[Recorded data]

^^^^^^^^^^^^^^^^

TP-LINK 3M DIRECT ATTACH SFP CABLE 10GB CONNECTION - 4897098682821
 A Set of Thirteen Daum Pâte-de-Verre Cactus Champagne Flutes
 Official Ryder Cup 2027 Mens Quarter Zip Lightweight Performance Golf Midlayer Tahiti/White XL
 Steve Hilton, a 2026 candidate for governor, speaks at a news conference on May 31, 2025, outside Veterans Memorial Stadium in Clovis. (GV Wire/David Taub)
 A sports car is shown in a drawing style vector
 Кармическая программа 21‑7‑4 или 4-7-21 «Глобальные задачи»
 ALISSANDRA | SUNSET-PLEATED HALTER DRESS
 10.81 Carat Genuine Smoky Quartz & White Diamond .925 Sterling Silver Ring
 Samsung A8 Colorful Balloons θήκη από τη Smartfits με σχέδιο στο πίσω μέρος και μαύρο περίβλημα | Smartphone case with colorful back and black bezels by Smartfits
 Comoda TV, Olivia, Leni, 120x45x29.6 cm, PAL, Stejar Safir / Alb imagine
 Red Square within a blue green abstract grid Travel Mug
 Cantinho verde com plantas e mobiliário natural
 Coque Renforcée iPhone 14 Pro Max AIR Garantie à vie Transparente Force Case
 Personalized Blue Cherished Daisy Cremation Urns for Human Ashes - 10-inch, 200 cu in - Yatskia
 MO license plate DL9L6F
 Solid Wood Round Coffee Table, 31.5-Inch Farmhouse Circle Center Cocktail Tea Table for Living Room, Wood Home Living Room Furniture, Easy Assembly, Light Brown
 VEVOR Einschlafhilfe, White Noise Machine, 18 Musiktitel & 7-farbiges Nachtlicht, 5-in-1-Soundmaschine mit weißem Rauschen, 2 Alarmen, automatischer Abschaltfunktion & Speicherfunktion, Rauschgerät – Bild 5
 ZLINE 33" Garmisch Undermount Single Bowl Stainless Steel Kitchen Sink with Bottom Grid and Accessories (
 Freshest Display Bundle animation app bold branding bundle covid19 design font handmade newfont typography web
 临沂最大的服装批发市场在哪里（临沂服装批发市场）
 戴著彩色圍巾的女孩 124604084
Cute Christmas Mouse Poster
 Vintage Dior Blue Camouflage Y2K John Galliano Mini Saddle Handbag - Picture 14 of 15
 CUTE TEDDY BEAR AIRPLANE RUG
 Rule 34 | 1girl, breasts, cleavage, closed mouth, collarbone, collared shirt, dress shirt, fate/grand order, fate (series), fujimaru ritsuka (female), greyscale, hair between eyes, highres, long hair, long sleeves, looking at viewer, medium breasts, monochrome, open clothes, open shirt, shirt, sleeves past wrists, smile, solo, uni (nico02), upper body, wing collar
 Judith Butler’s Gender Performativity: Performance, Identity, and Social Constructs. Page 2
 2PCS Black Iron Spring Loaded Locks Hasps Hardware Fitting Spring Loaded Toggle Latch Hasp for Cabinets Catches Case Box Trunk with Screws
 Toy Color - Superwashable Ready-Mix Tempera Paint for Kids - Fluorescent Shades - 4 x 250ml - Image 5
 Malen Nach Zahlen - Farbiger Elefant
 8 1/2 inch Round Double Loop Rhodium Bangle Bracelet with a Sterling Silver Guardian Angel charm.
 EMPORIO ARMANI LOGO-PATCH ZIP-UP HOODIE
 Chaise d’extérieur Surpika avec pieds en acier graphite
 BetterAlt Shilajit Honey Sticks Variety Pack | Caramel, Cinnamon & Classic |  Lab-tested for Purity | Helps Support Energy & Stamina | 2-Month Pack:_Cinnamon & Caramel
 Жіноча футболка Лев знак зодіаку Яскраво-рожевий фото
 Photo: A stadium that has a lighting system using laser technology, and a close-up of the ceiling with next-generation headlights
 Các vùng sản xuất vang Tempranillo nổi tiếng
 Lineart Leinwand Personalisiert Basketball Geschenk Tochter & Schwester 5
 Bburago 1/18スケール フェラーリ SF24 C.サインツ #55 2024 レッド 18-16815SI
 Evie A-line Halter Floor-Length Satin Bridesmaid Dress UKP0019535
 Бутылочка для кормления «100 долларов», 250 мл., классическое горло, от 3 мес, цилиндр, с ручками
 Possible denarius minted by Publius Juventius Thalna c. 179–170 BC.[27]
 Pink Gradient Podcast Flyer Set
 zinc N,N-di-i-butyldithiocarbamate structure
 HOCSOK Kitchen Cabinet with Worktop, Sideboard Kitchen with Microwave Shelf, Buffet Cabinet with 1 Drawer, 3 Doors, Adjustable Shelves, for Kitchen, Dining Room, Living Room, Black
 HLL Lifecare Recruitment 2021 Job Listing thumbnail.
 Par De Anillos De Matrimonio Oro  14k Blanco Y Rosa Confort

^^^^^^^^^^^^^^^^

:: ASSIGNMENT ::
Would you please give all of the records again exactly as they stand?

:: EXPECTED ANSWER ::
TP-LINK 3M DIRECT ATTACH SFP CABLE 10GB CONNECTION - 4897098682821
 A Set of Thirteen Daum Pâte-de-Verre Cactus Champagne Flutes
 Official Ryder Cup 2027 Mens Quarter Zip Lightweight Performance Golf Midlayer Tahiti/White XL
 Steve Hilton, a 2026 candidate for governor, speaks at a news conference on May 31, 2025, outside Veterans Memorial Stadium in Clovis. (GV Wire/David Taub)
 A sports car is shown in a drawing style vector
 Кармическая программа 21‑7‑4 или 4-7-21 «Глобальные задачи»
 ALISSANDRA | SUNSET-PLEATED HALTER DRESS
 10.81 Carat Genuine Smoky Quartz & White Diamond .925 Sterling Silver Ring
 Samsung A8 Colorful Balloons θήκη από τη Smartfits με σχέδιο στο πίσω μέρος και μαύρο περίβλημα | Smartphone case with colorful back and black bezels by Smartfits
 Comoda TV, Olivia, Leni, 120x45x29.6 cm, PAL, Stejar Safir / Alb imagine
 Red Square within a blue green abstract grid Travel Mug
 Cantinho verde com plantas e mobiliário natural
 Coque Renforcée iPhone 14 Pro Max AIR Garantie à vie Transparente Force Case
 Personalized Blue Cherished Daisy Cremation Urns for Human Ashes - 10-inch, 200 cu in - Yatskia
 MO license plate DL9L6F
 Solid Wood Round Coffee Table, 31.5-Inch Farmhouse Circle Center Cocktail Tea Table for Living Room, Wood Home Living Room Furniture, Easy Assembly, Light Brown
 VEVOR Einschlafhilfe, White Noise Machine, 18 Musiktitel & 7-farbiges Nachtlicht, 5-in-1-Soundmaschine mit weißem Rauschen, 2 Alarmen, automatischer Abschaltfunktion & Speicherfunktion, Rauschgerät – Bild 5
 ZLINE 33" Garmisch Undermount Single Bowl Stainless Steel Kitchen Sink with Bottom Grid and Accessories (
 Freshest Display Bundle animation app bold branding bundle covid19 design font handmade newfont typography web
 临沂最大的服装批发市场在哪里（临沂服装批发市场）
 戴著彩色圍巾的女孩 124604084
Cute Christmas Mouse Poster
 Vintage Dior Blue Camouflage Y2K John Galliano Mini Saddle Handbag - Picture 14 of 15
 CUTE TEDDY BEAR AIRPLANE RUG
 Rule 34 | 1girl, breasts, cleavage, closed mouth, collarbone, collared shirt, dress shirt, fate/grand order, fate (series), fujimaru ritsuka (female), greyscale, hair between eyes, highres, long hair, long sleeves, looking at viewer, medium breasts, monochrome, open clothes, open shirt, shirt, sleeves past wrists, smile, solo, uni (nico02), upper body, wing collar
 Judith Butler’s Gender Performativity: Performance, Identity, and Social Constructs. Page 2
 2PCS Black Iron Spring Loaded Locks Hasps Hardware Fitting Spring Loaded Toggle Latch Hasp for Cabinets Catches Case Box Trunk with Screws
 Toy Color - Superwashable Ready-Mix Tempera Paint for Kids - Fluorescent Shades - 4 x 250ml - Image 5
 Malen Nach Zahlen - Farbiger Elefant
 8 1/2 inch Round Double Loop Rhodium Bangle Bracelet with a Sterling Silver Guardian Angel charm.
 EMPORIO ARMANI LOGO-PATCH ZIP-UP HOODIE
 Chaise d’extérieur Surpika avec pieds en acier graphite
 BetterAlt Shilajit Honey Sticks Variety Pack | Caramel, Cinnamon & Classic |  Lab-tested for Purity | Helps Support Energy & Stamina | 2-Month Pack:_Cinnamon & Caramel
 Жіноча футболка Лев знак зодіаку Яскраво-рожевий фото
 Photo: A stadium that has a lighting system using laser technology, and a close-up of the ceiling with next-generation headlights
 Các vùng sản xuất vang Tempranillo nổi tiếng
 Lineart Leinwand Personalisiert Basketball Geschenk Tochter & Schwester 5
 Bburago 1/18スケール フェラーリ SF24 C.サインツ #55 2024 レッド 18-16815SI
 Evie A-line Halter Floor-Length Satin Bridesmaid Dress UKP0019535
 Бутылочка для кормления «100 долларов», 250 мл., классическое горло, от 3 мес, цилиндр, с ручками
 Possible denarius minted by Publius Juventius Thalna c. 179–170 BC.[27]
 Pink Gradient Podcast Flyer Set
 zinc N,N-di-i-butyldithiocarbamate structure
 HOCSOK Kitchen Cabinet with Worktop, Sideboard Kitchen with Microwave Shelf, Buffet Cabinet with 1 Drawer, 3 Doors, Adjustable Shelves, for Kitchen, Dining Room, Living Room, Black
 HLL Lifecare Recruitment 2021 Job Listing thumbnail.
 Par De Anillos De Matrimonio Oro  14k Blanco Y Rosa Confort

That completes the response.